Я попытался засмеяться, хоть было не до смеха.
— По вашему отношению к моей рукописи не видно, Александр Трифонович, что вы очень меня цените.
— Очень даже видно, и вы сейчас сами это поймете. Знаете, в чем разница между ремесленником и мастером? Ремесленник, если труд не удался, говорит себе: «Черт с ним, не вышло — брошу эту работу, начну другую, та наверняка будет лучше». А мастер, если не получилось, что нужно, сердится, бесится, ругается, впадает в отчаяние, но все снова и снова возвращается к неудавшейся вещи, все снова и снова переделывает ее — и не отступится, пока не сделает, как задумано. Зачем вы стараетесь казаться ремесленником? Вы не ремесленник! Я не отдам вам рукопись, вы будете дорабатывать ее с Карагановой. И я уверен: после того как мы ее напечатаем, вы еще не раз вернетесь к ней, чтобы снова переделывать. И сколько раз будете перечитывать, столько раз будете изменять и улучшать. Видите, какое у меня высокое мнение о вас? Гораздо выше, чем у вас самого.
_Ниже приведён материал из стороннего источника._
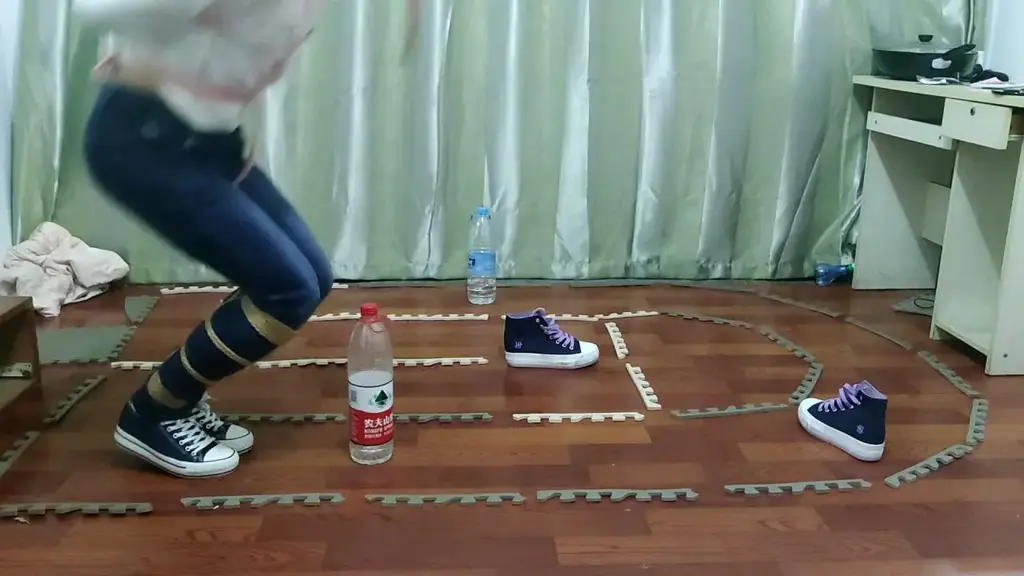 并腿缚过障碍 一个小挑战<br>大概规则：在后手缚并腿缚的情况下按着轨道跳动数圈且不能碰到轨道或障碍物，每完成一圈增加一些难度。<br>碰到障碍物或轨道就要在左右脚的鞋子里各加入两颗黄豆并重新开始本圈。<br><br>中间加了一次黄豆之后跳来跳去好疼，不过自己的稳定性还不错，最终顺利完成。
— Хорошо, согласен, — сказал я, — Буду работать с Любовью Григорьевной.
Абсолютно уверен, что мысли, высказанные Твардовским, родились не во время разговора со мной. На них лежала отчетливая печать долгих раздумий и неоднократно проверенной убежденности. Но они поразили меня пронзительной правотой. Я не был убежден, что Твардовский охарактеризовал меня правильно, но уже хотел, чтобы это было так. Почти тридцать лет прошло с того разговора, а он и сейчас живет во мне как радостное воспоминание, как некий, почти нравственный, закон писательской работы.
Мопассан как-то написал, что вся история человечества представляется ему набором хлестких фраз. Но великие слова не только отражают историю, но и создают ее. Множество событий мы воспринимаем сквозь призму фразформул. Лучше быть первым в деревне, чем вторым в Риме. Париж стоит мессы. Я стою здесь, я не могу иначе. Все погибло, государыня, кроме чести. Если в этой книге то же, что в коране, то она не нужна, если то, чего в коране нет, то она вредна. Жить работая — либо погибнуть сражаясь. Лучше ужасный конец, чем ужас без конца. Кто был ничем, тот станет всем. Пусть гибнут люди, принципы остаются. Помни о смерти.
Их было много — этих фраз, которые творили историю. Они — мощный катализатор действий в жизни каждого из нас. В 1950 году я уезжал из Москвы в Норильск, в ссылку, в вечное, до гpoбa, изгнание — так нам всем тогда казалось. А мой друг Борис Ланда сказал на вокзале: «Сергей, есть такая степень таланта, за которой человек уже не пропадает. Я верю: ты не пропадешь!» У меня не хватит сил объяснить, как облегчали эти слова мою ссыльную жизнь, как поддерживали меня в дни полного упадка сил.
Такими же животворящими были для меня и слова Александра Твардовского о ремесленнике и мастере.